I think I probably insulted the dog / offended it by using the wrong gender pronoun.


----------



## The Gift of Fish (Mar 17, 2017)

UberLAguy said:


> What happened brother?


Couldn't go online suddenly on the app, Lyft sent a deactivation email to a different email account that is mine but which has never been associated with my Lyft account. So who knows.


----------



## The Gift of Fish (Mar 17, 2017)

Seamus said:


> From the first offer you accept the clock starts counting down. Now for entertainment value, let's hear the details on why you were deactivated. Did you go batshit crazy and pull some epic freak out on a pax?


I had considered going out in a blaze of glory with an epic meltdown / spazfest, but no, there was nothing out of the ordinary.

Lyft had been sending me emails about "unsatisfactory ride experiences" or some other bullshit, so I just set up an email filter to send them directly to the trash bin. I guess I must have let the community down somehow 🤠


----------



## AvisDeene (Jun 7, 2019)

The Gift of Fish said:


> I think I probably insulted the dog / offended it by using the wrong gender pronoun.


It’s probably more that you used the correct gender pronoun and offended them with the truth.


----------



## MarkR (Jul 26, 2015)

The Gift of Fish said:


> View attachment 598758
> 
> 
> 7 years and, apparently, 5,130 rides since I gave my first Lyft ride, I have been fired by the Pink Ones. All I can say is that I am surprised I lasted as long as I did!
> ...


just uninstall the app. I did. when you need a buck or two for gas install it again.


----------



## Paul Vincent (Jan 15, 2016)

I thought prop 22 had a review panel for a situation like this, guaranteed! Ask for your review as per prop 22. Deadmiler69 seemed to be an expert on this provision, you might be able to find him at a psychiatric unit or look for the Prius with the tent on top.


----------



## The Gift of Fish (Mar 17, 2017)

MarkR said:


> just uninstall the app. I did. when you need a buck or two for gas install it again.

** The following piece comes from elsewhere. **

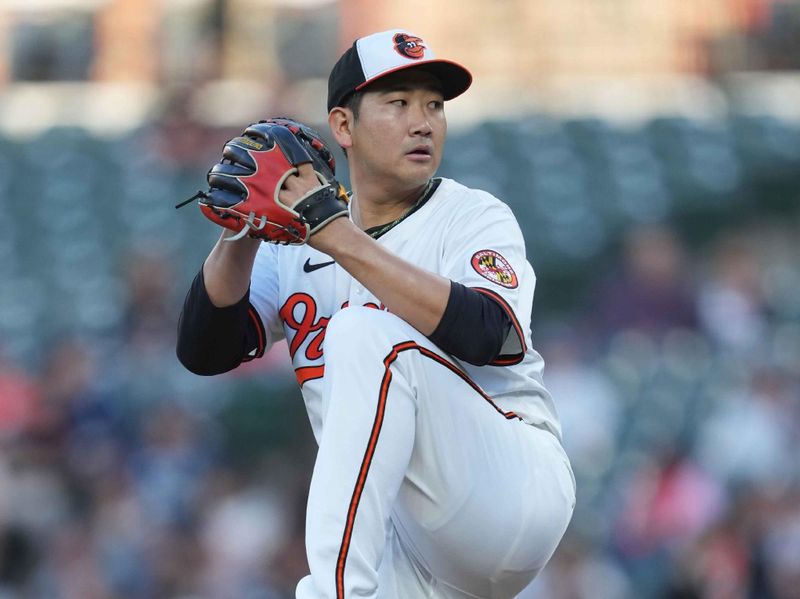 Apr 28, 2025; Baltimore, Maryland, USA; Baltimore Orioles  pitcher Tomoyuki Sugano (19) delivers during the third inning against the New York Yankees at Oriole Park at Camden Yards. Mandatory Credit: Mitch Stringer-Imagn Images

While uninstalling and reinstalling the app is Rohit's catch-all solution for everything, I don't think that it would be of much use for drivers wanting to continue to drive after deactivation.


----------



## Gone_in_60_seconds (Jan 21, 2018)

The Gift of Fish said:


> I think I probably insulted the dog / offended it by using the wrong gender pronoun.


Would have been helpful if you had the interaction recorded on an internal dashcam and posted it. This could be a teachable moment especially for NEWBIE drivers.


----------



## The Gift of Fish (Mar 17, 2017)

Gone_in_60_seconds said:


> Would have been helpful if you had the interaction recorded on an internal dashcam and posted it. This could be a teachable moment especially for NEWBIE drivers.


Agreed, but I don't know what the alleged incident is.


----------



## Amos69 (May 17, 2019)

Can happen to anyone at anytime. I am still active on Gryft, but not Goober. Goober holds my not at fault accident against me. I was on a Goober ride when I was t boned. Gryft uses the same bg check but still wants me to drive.


----------



## ABC123DEF (Jun 9, 2015)

The Gift of Fish said:


> Thanks, I got a job. Good pay, benefits, company isn't run by dooshes etc etc. It's all good.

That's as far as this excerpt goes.